MM: Anyone can teach and lead with love. Any child can be taught. There has to be a certain mindset and commitment to unlearning the bigotry that all of us in this country are primed to accept, and to be participants in. If we’re to be responsible for shaping the minds of the future, we have to actively work to control this bigotry. Every girl I’ve talked to understood they could have a connection with any teacher—they don’t care if you’re White or Black or Asian or Latino or Indigenous or mixed race—they just want to know that you care about them. It’s not just a function of being from a specific racial group, it’s about the work you’re doing, to represent your best self in your work, and to establish relationships with people in a way that reflects their core humanity.

One last question, in the book, you use the personal stories of girls from around the country to illustrate the victimization of Black girls, including transgendered girls. Is there any one of those girls whose story still lingers in your mind? Who you wish all teachers could meet and get to know?

MM: Jennifer really stands out to me—that’s why I close the book with her. I think having been raped at 12, put out on the street at 13, bouncing around foster homes, being a teen mom—she’s reflective of almost every risk factor of kids experiencing pushout. And every system failed her. All the adults failed her. They didn’t see her trauma. They didn’t respond to her exploitation, in fact they further exacerbated her exploitation. Sometimes people are like, is this a real person? It’s all her story. It’s extreme, but it’s representative of the things that make kids so vulnerable. She is one who said, “I want an education, I want to do better for my kid. But who will see me now?” I want readers and educators to understand that many kids are coming from extreme conditions, from trauma, from sexual assaults… when we look at kids who are truant, who present with behavioral issues, we should look at them as having had trauma, and not just being “problem kids.”
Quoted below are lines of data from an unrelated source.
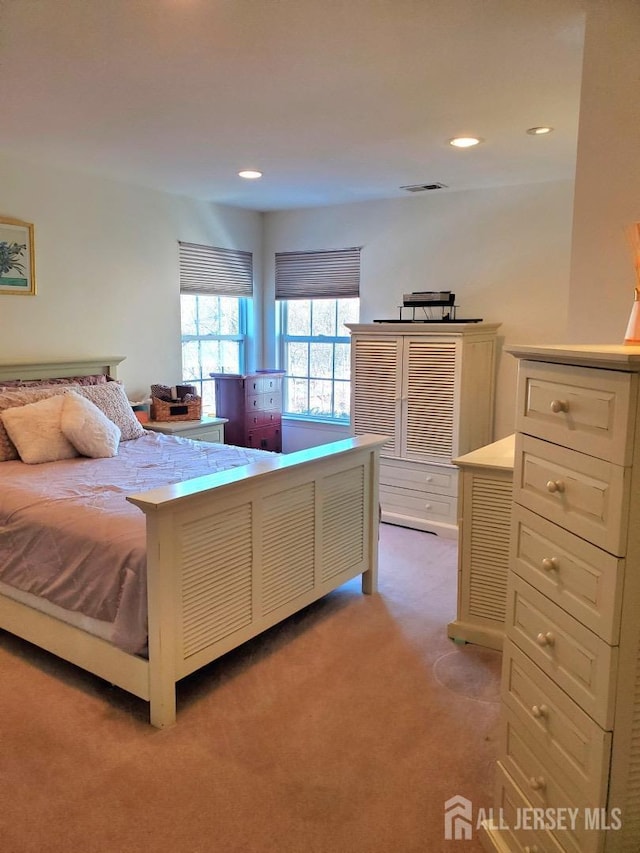 bedroom featuring recessed lighting, light colored carpet, and visible vents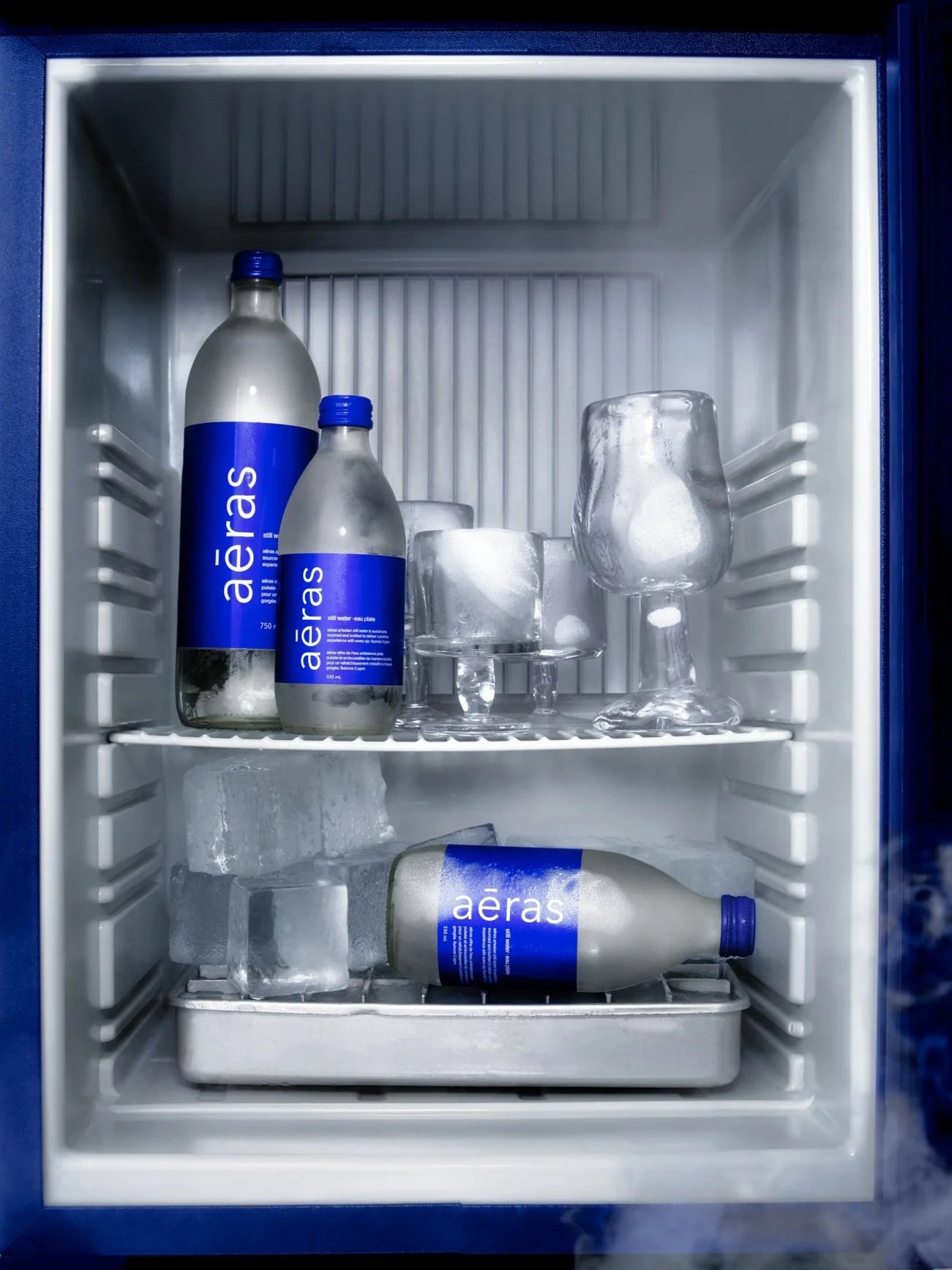 The image shows a refrigerator with bottles of Aero water, ice cubes, and glassware on two shelves.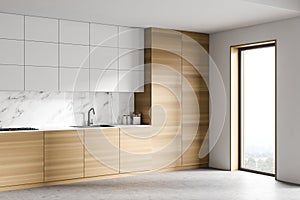 White and wooden kitchen corner with cupboards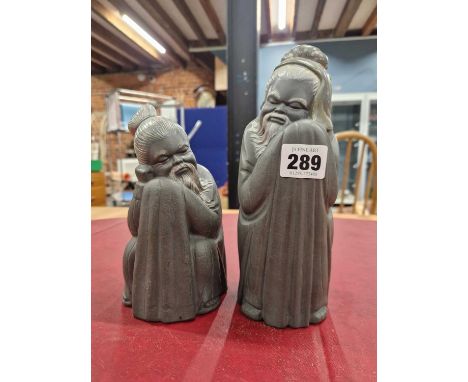 Two Lladro grey porcelain figures of Chinese monks sleeping wrapped in their full length robes, the taller.   H 21cms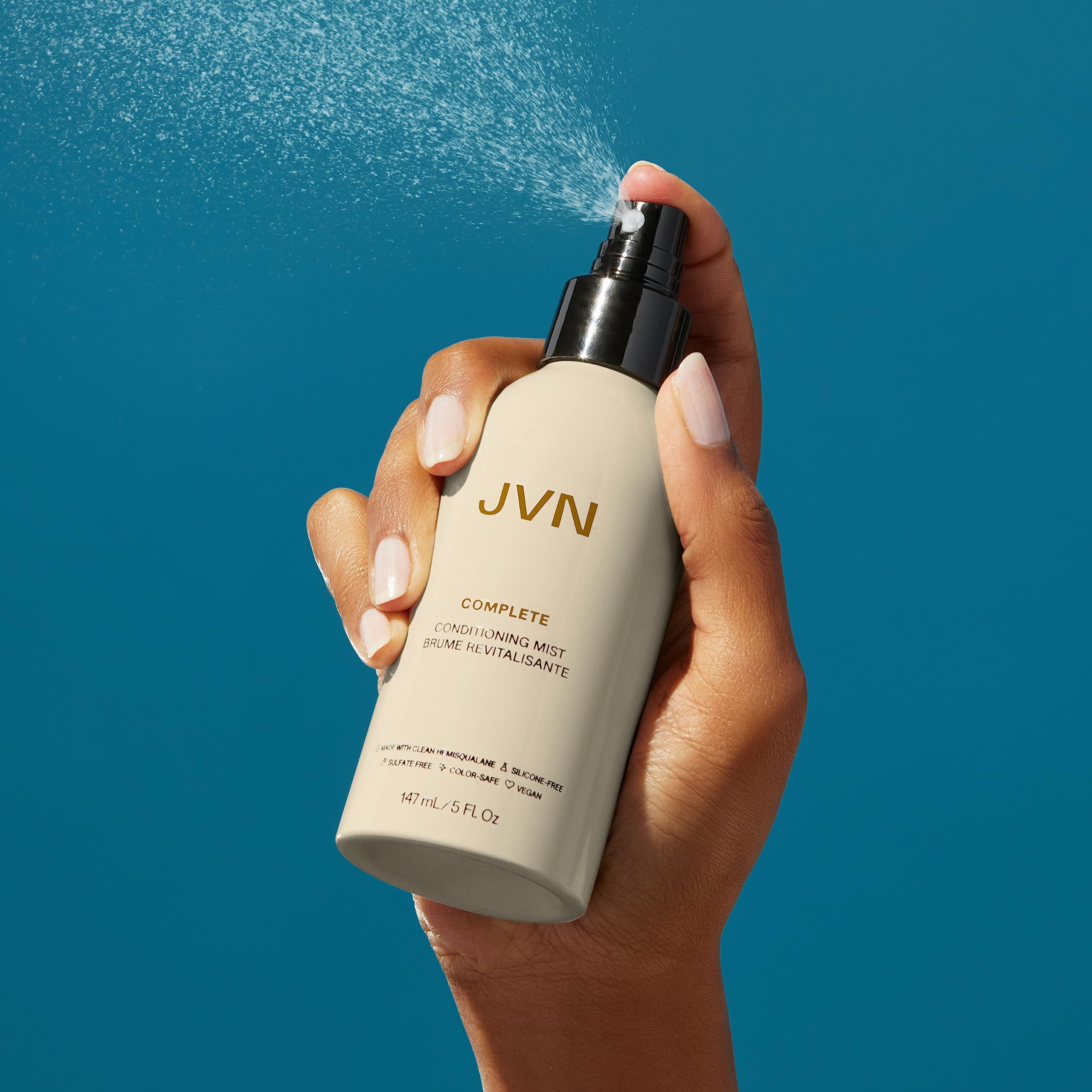 Travel-size JVN leave-in mist beside compact pouch for on-the-go care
As an educator, and as somebody who believes in educators, I’m putting a lot of responsibility on schools—because I know what we can do and I believe in what we can do! I also know we can’t do it alone. It takes key partnerships. Schools are often absent from discussions about juvenile legal system reform, about prevention, and to me that makes no sense. When we start to talk about who should be in the room to address these big issues, I’m hoping we start to see more educators in that place because they play a vital protective role in this work.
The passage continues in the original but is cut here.